Ono San Pietro, la «vendetta disumana» di Iacovone
Una vendetta disumana per infliggere alla moglie l’ultima definitiva sofferenza. Ma soprattutto nessuna reale intenzione di suicidarsi, perché questo gli avrebbe impedito di completare la sua vendetta che prevedeva appunto di guardare lo strazio indicibile provocato alla moglie.
Si legge questo nelle motivazioni, depositate nelle scorse ore, della sentenza nei confronti di Pasquale Iacovone, l’uomo, condannato all'ergastolo, che il 16 luglio 2013 a Ono San Pietro uccise i suoi due figli Andrea e Davide di 9 e 12 anni, morti carbonizzati nell’appartamento dove si trovavano con il padre, separato dalla moglie Erica Patti.
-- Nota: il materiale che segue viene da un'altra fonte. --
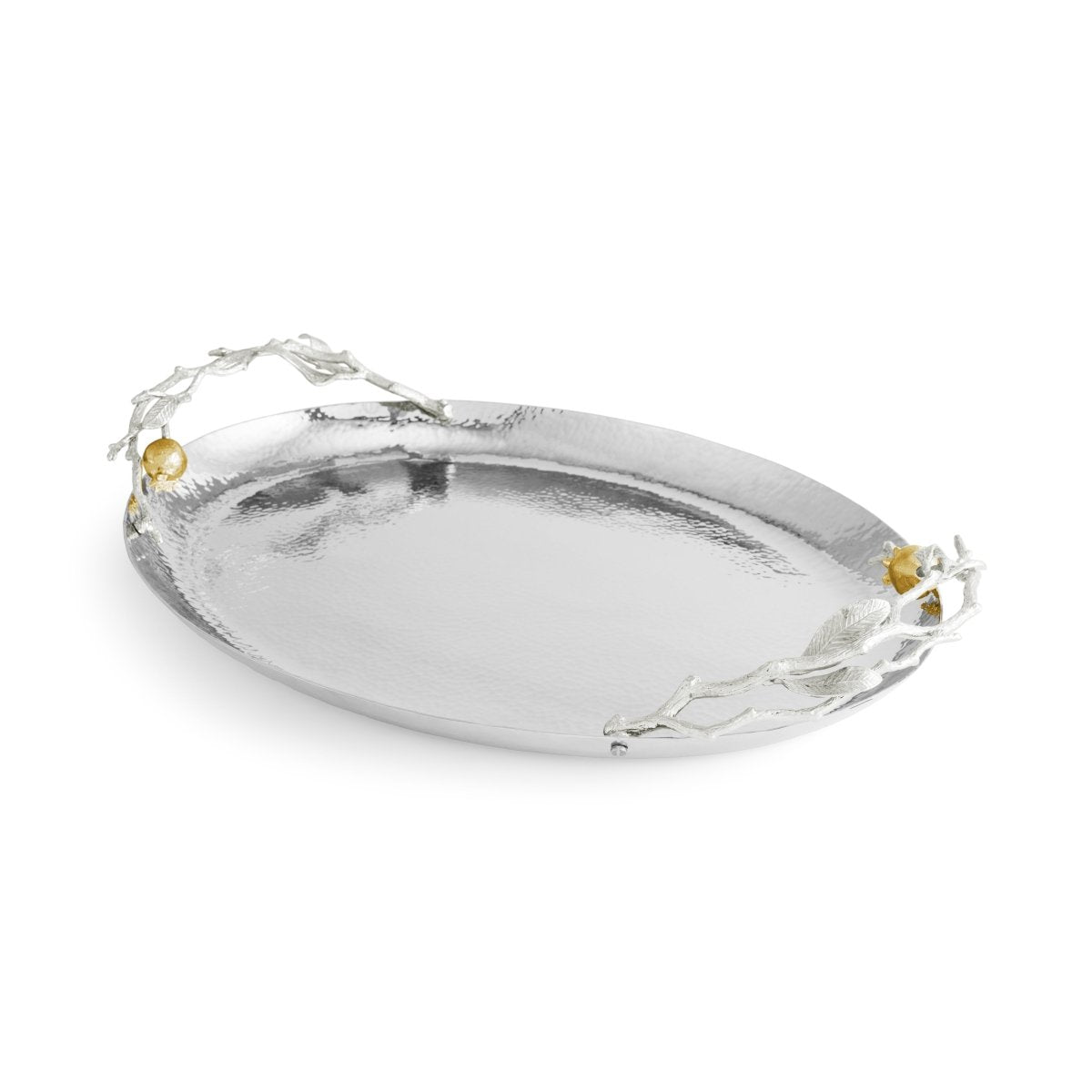 Elegant Pomegranate Silver & Gold Oval Tray - Perfect for Home Decor, Gift Giving & Holiday Table Setting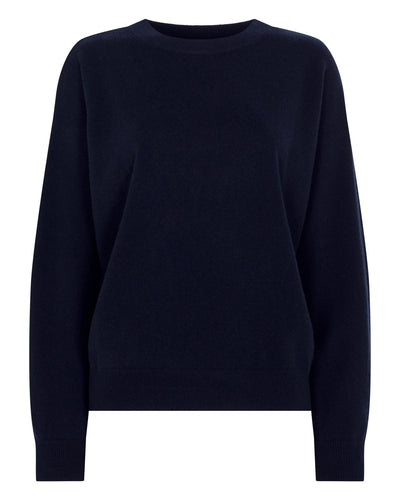 Women's Oversized Round Neck Cashmere Sweater Navy Blue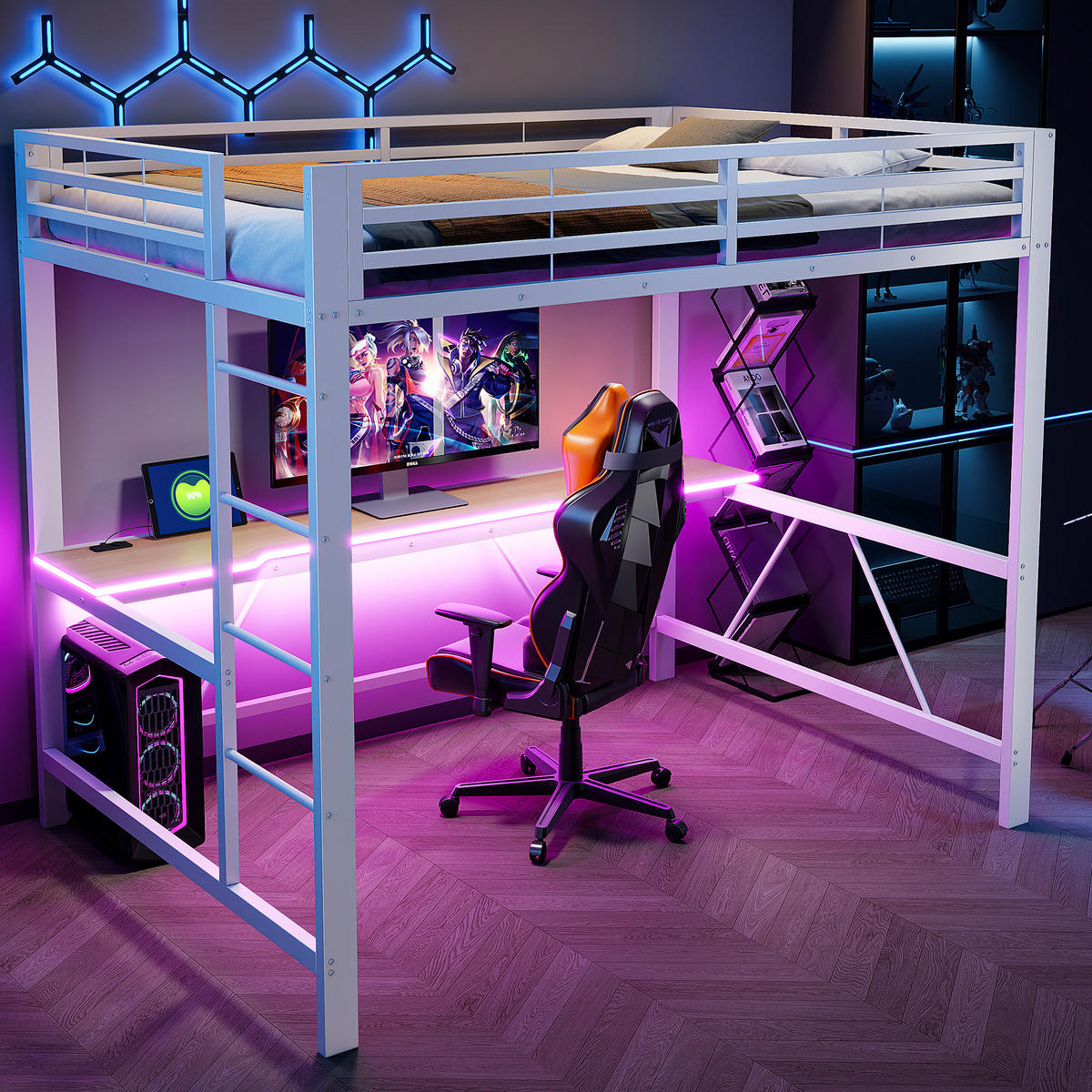 HOCHBETT 140/200 cm in Weiß mit Schreibtisch, LED und USB - Weiß, Holzwerkstoff/Metall (140/200cm) - WISHDOR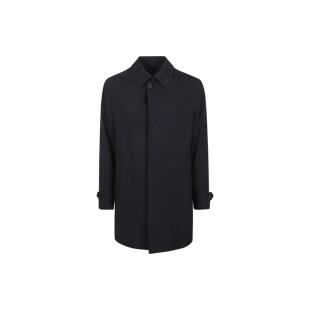 男款 Zegna 大衣 长袖 海军蓝色 纯色翻领一粒扣中长款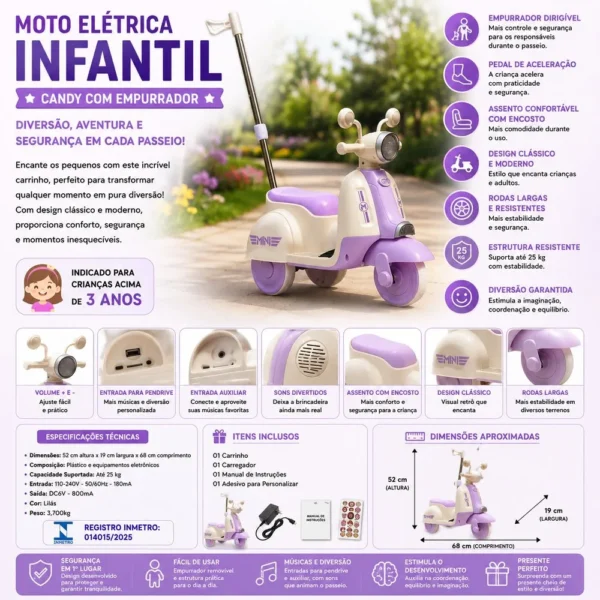 Moto Elétrica Infantil Candy com Empurrador - Lilás - 5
«L’imputato - scrive il presidente della Corte Enrico Fischetti- spinto da rancore ed odio inaudito verso la moglie aveva deliberato di imporre un’ultima definitiva sofferenza. Uccidere i figli ed assaporare il gusto tremendo di vederla soffrire in modo indescrivibile di fronte corpi carbonizzati».
Per la Corte d’Assise d’Appello Iacovone, rimasto ustionato nel rogo che volontariamente appiccò in casa, simulò il tentativo suicidio.
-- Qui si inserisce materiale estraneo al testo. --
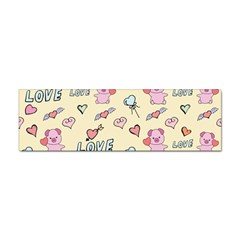 Pig Animal Love Romance Seamless Texture Pattern Sticker (bumper) by Wegoenart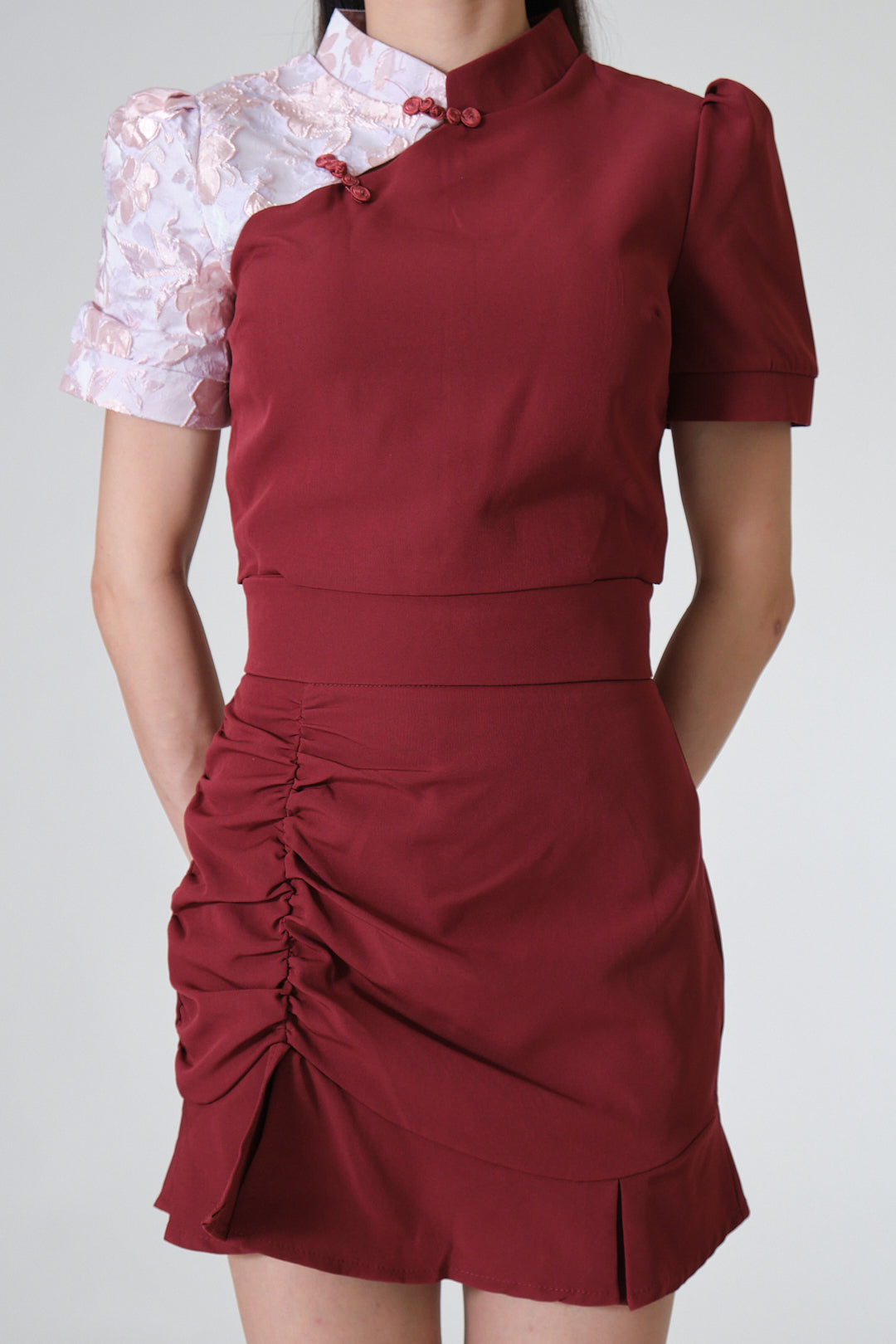 Chixxie Magnolia Two-Piece Cheongsam Set (Red) by
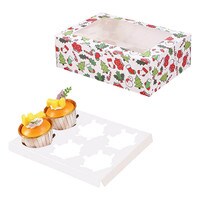 CHRISTMAS CUPCAKE BOX WITH WINDOW WHITE 6-HOLES 50 PCS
«Questa vendetta disumana - si legge nelle 110 pagine di motivazione della sentenza di condanna all'ergastolo - non poteva comprendere un’attività suicidiaria perché l’imputato per assaporarla doveva vedere la donna in faccia per godere della sua sofferenza. Tale comportamento ha tenuto anche nel corso dell’udienza di appello, dopo un vano tentativo di sottrarsi lucidamente al giudizio, guardando la moglie ancora una volta piegata nella sua disperazione senza rimedio».
La Corte ha poi ripercorso la mattina del duplice omicidio: «Agevolato dal sonno dei due figli Iacovone li ha barbaramente soffocati e poi è iniziata una lunga opera di spandimento della benzina per procurare l'incendio». Per i giudici «non si è trattato quindi di un momento di esaperazione improvviso, ma di una lucida e consapevole azione finalizzata a mascherare ciò che era successo».